1. In small groups, research various landforms such as hills, mountains, plains, valleys, oceans, lakes, peninsulas, rivers, islands, glaciers, coral reefs, deserts, and rain forests. Find each landform in several different parts of the world. Identify the similarities and differences in these landforms, and how they affect life in that part of the globe.
2. Choose several landforms that are most appealing to your group. On white construction paper, draw detailed postcard-size pictures of each landform. Use Crayola® Colored Pencils, Crayola Construction Paper Crayons, and Crayola Washable Markers. Cut out with Crayola Scissors.
3. On small pieces of paper, or on the back of your drawings, label each landform with name, a sentence describing that landform, and locations where it is found.
4. Punch holes in the top of each paper. Tie papers to yarn cut in varying lengths. Hang the landforms and their labels from a cardboard tube to create a mobile.
Adult supervision is required for any arts & crafts project. Observe children closely and intervene as necessary to prevent potential safety problems and ensure appropriate use of arts and crafts materials. Some craft items, particularly beads and buttons, are potential choking hazards for young children. Avoid use of such small parts with children younger than 3 years. Craft items such as scissors, push pins and chenille sticks may have sharp points or edges. Avoid use of materials with sharp points by children younger than 4 years. Read all manufacturers' safety warnings before using arts and craft supplies.
Recycled Cardboard Tubes—Use paper towel tubes, gift-wrap tubes, or long cardboard tubes that can be cut to any length. Health professionals caution against using recycled toilet paper tubes for arts & crafts projects because of the potential fecal contamination.
Scissors—ATTENTION: The cutting edges of scissors are sharp and care should be taken whenever cutting or handling. Blunt-tip scissors should be used only by children 4 years and older. Pointed-tip scissors should be used only by children 6 years and older.
String-Like Materials—Includes string, raffia, lacing, yarn, ribbon, and other similar material. Children 3 years and younger should not be given any string-like material that is longer than 12 inches. Close adult supervision is essential whenever children use string-like material. When crafts are to be worn around the necks of children 8 years and younger, attach the ends of the “string-like material” with clear adhesive tape, which allows easy release of the bond if the craft becomes entangled or caught on equipment. For children older than 8 years, the ends of the “string-like material” may be tied and knotted.

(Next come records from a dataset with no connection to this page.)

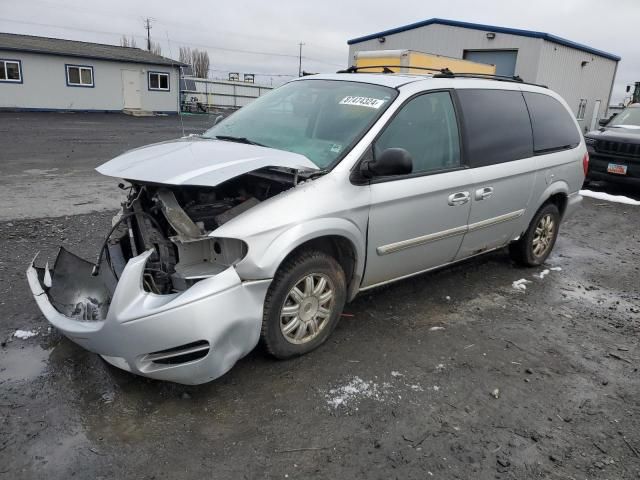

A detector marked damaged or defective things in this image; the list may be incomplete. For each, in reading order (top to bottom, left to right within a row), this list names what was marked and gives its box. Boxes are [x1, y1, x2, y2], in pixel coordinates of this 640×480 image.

crumpled hood [96, 139, 318, 188]
detached front bumper [27, 249, 272, 384]
crashed front end [26, 175, 298, 382] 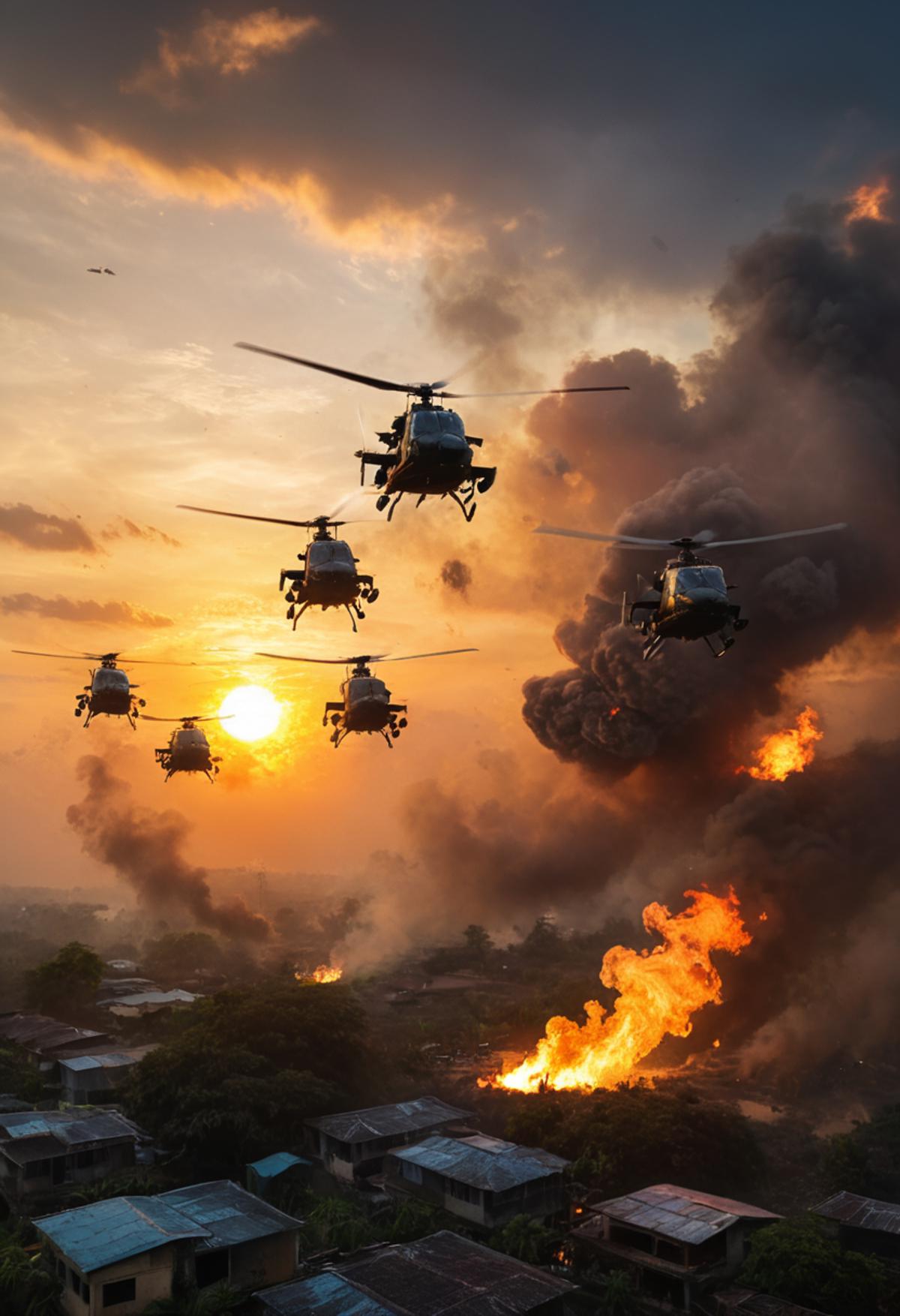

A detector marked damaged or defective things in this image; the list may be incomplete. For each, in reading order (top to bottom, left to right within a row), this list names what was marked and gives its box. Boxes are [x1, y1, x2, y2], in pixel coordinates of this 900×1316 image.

rusty metal roof [305, 1095, 471, 1147]
rusty metal roof [586, 1189, 778, 1247]
rusty metal roof [810, 1194, 900, 1231] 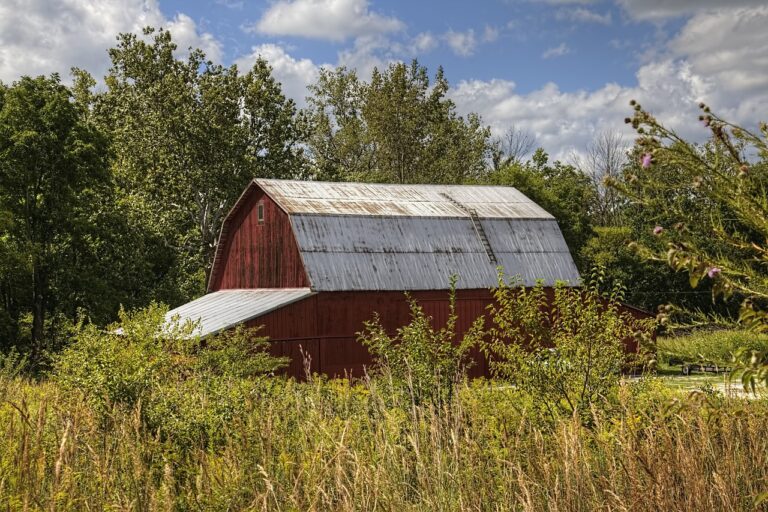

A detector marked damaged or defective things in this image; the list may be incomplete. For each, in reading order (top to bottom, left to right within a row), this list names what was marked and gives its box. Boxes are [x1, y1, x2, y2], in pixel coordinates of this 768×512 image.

rusty metal roof [256, 179, 552, 219]
rusty metal roof [166, 290, 314, 338] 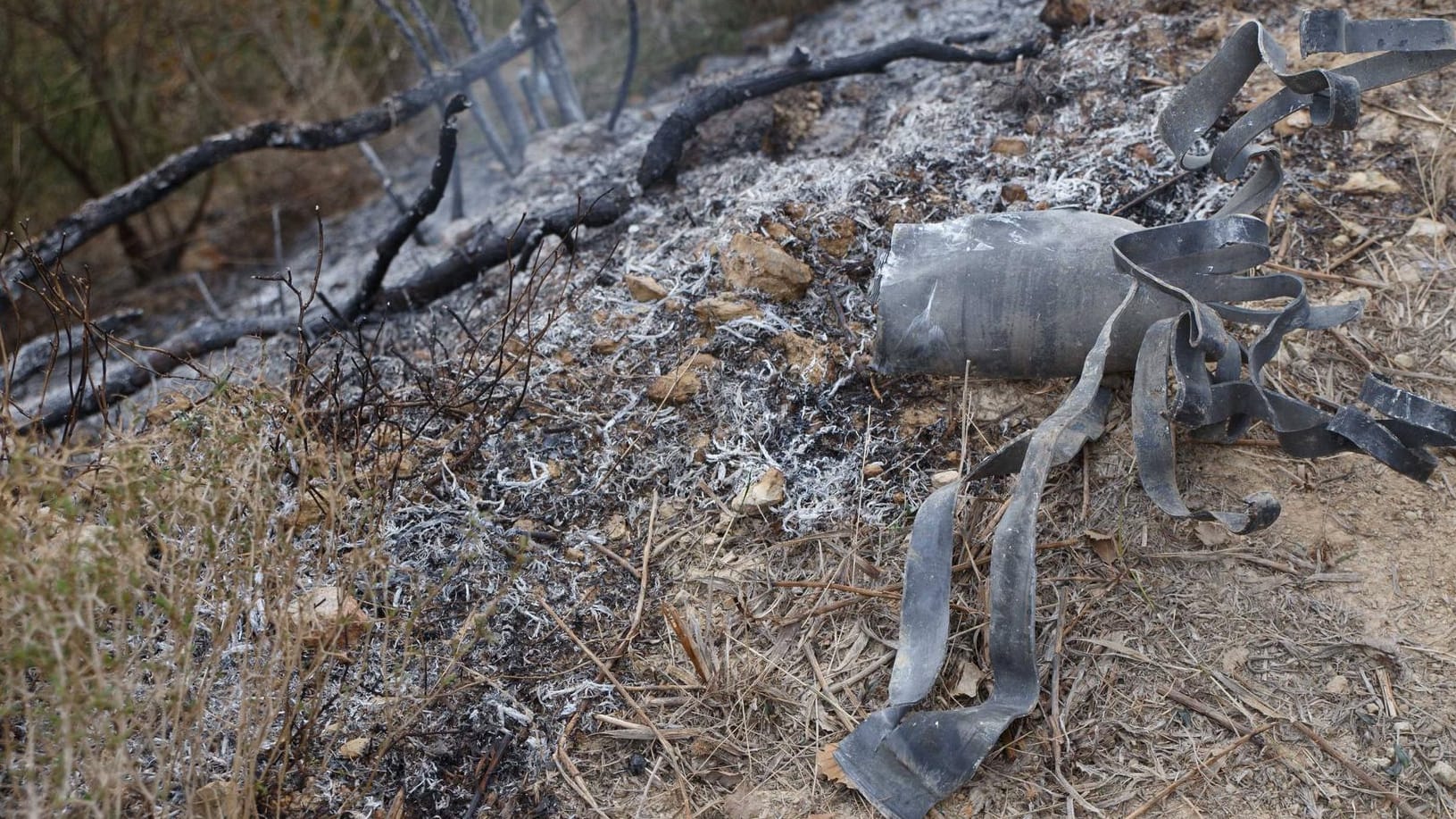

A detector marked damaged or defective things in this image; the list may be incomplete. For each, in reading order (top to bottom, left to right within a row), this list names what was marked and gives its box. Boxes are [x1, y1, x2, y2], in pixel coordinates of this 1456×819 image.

torn metal sheet [838, 7, 1450, 815]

- Students with special needs may work best in integrated small groups. Provide ample pictorial resources, combined with field experiences, to help students visualize the landforms.

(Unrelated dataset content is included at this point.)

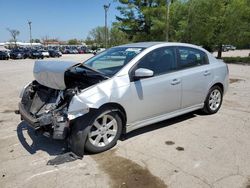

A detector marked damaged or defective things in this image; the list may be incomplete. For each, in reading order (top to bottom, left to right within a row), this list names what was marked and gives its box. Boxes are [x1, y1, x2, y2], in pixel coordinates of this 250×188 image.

crumpled hood [33, 60, 78, 89]
crashed front end [18, 60, 106, 140] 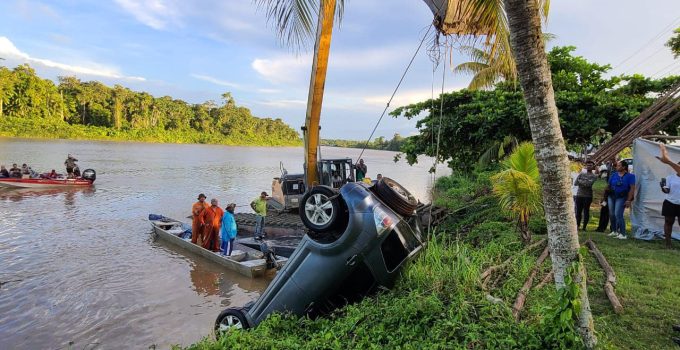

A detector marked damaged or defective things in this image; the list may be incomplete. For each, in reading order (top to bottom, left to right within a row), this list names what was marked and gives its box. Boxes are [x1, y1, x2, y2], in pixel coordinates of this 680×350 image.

overturned vehicle [215, 179, 422, 332]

- Advanced students respond to questions how landforms affect animals and the food available in the region. Add animals to the mobiles.
- Encourage higher-level and critical thinking by challenging students to choose in which region they would want to live and not want to live. Why? What would life be like there?
- Explore how land forms change over time. Consider phenomena such as earthquakes, floods, and volcanoes.
- Older students research climate zones such as the permafrost, frozen tundra, temperate areas, and tropical regions.